(WORK REQUEST):
Apart from the images, reproduce all of the data word for word.
[GIVEN INFORMATION]
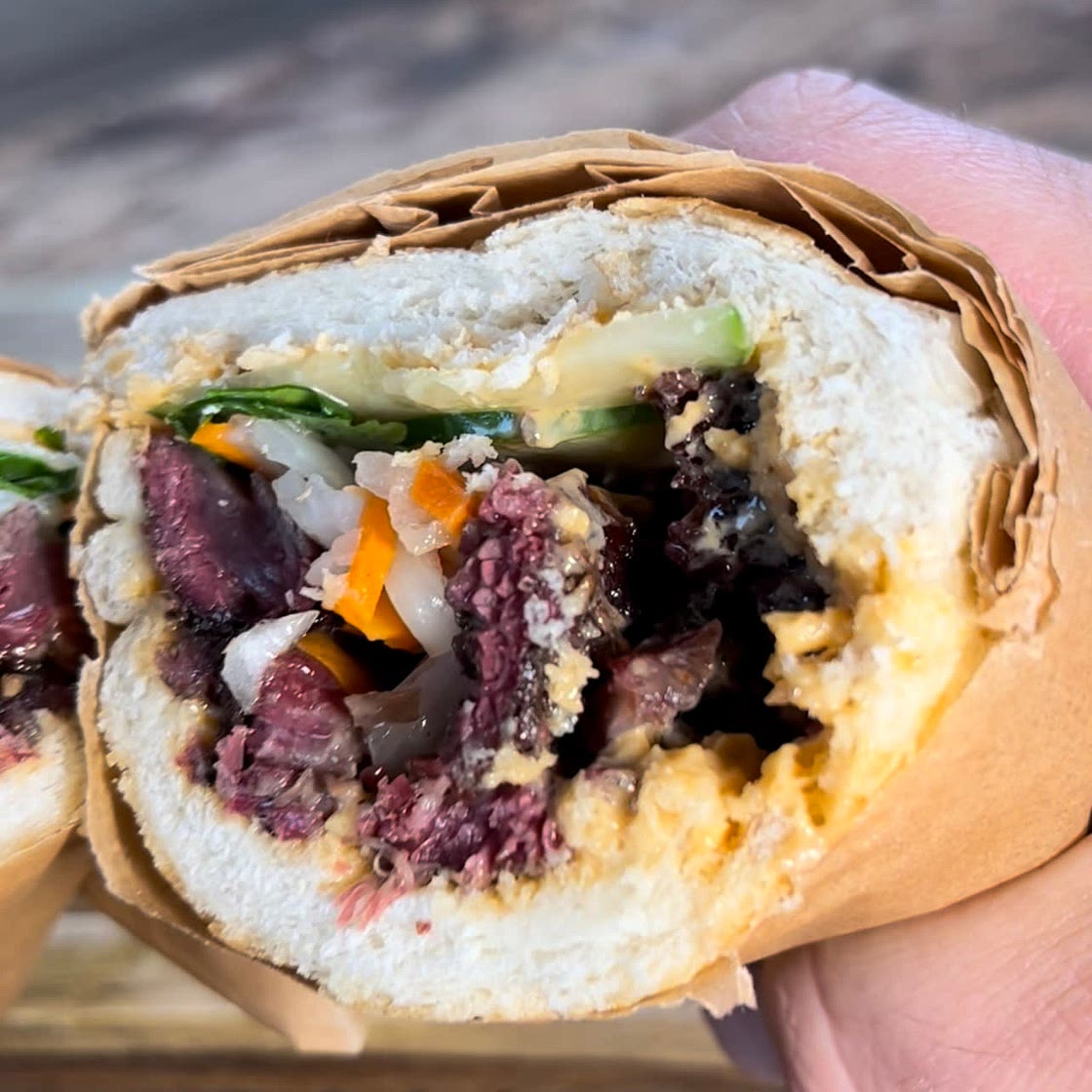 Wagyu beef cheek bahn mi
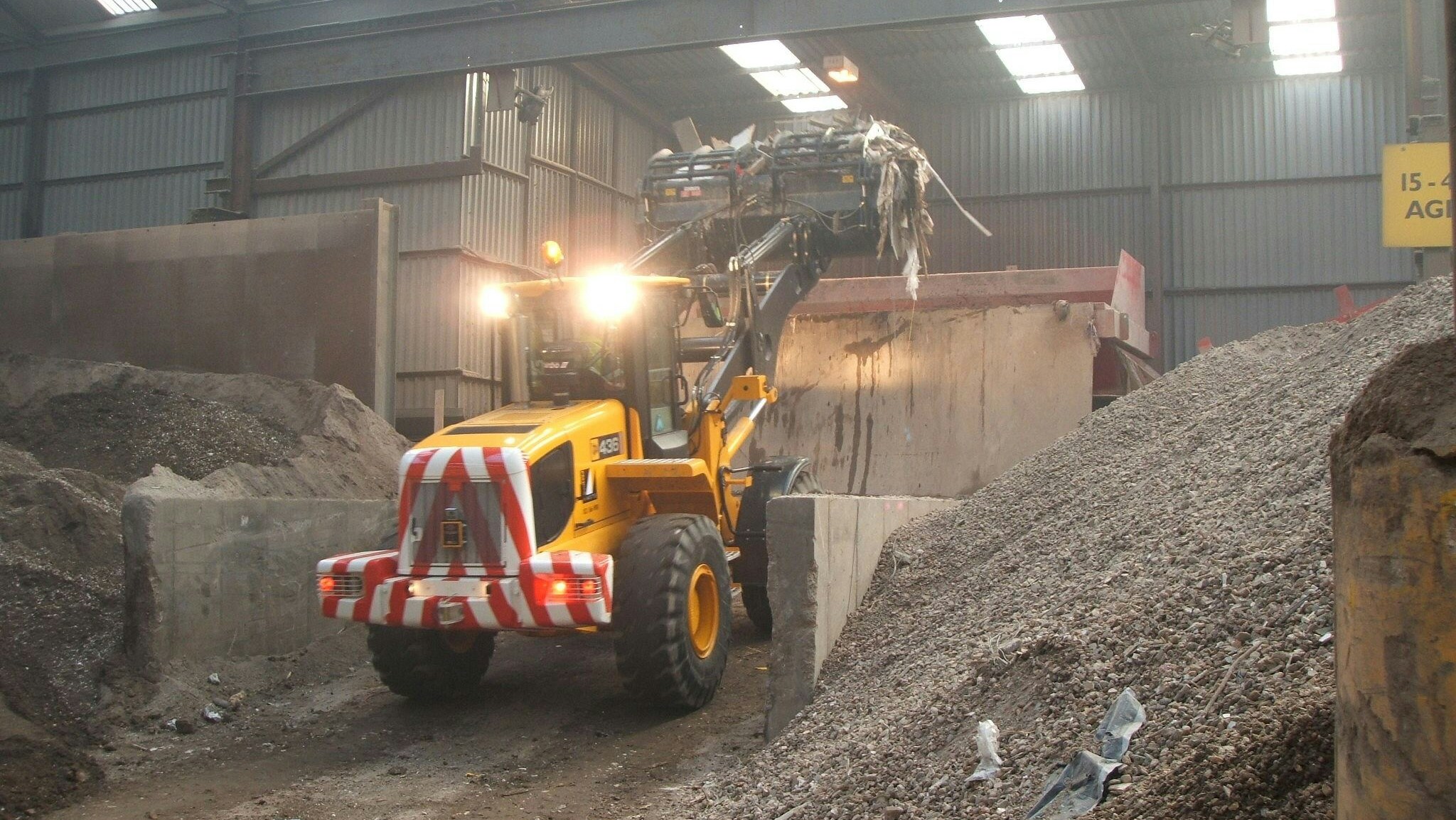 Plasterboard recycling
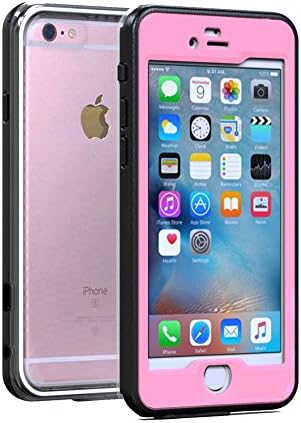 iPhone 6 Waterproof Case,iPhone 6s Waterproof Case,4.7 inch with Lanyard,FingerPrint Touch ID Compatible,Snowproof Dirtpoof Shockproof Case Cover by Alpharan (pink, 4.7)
[/GIVEN INFORMATION]
(TASK OUTPUT):
 Wagyu beef cheek bahn mi
 Plasterboard recycling
 iPhone 6 Waterproof Case,iPhone 6s Waterproof Case,4.7 inch with Lanyard,FingerPrint Touch ID Compatible,Snowproof Dirtpoof Shockproof Case Cover by Alpharan (pink, 4.7)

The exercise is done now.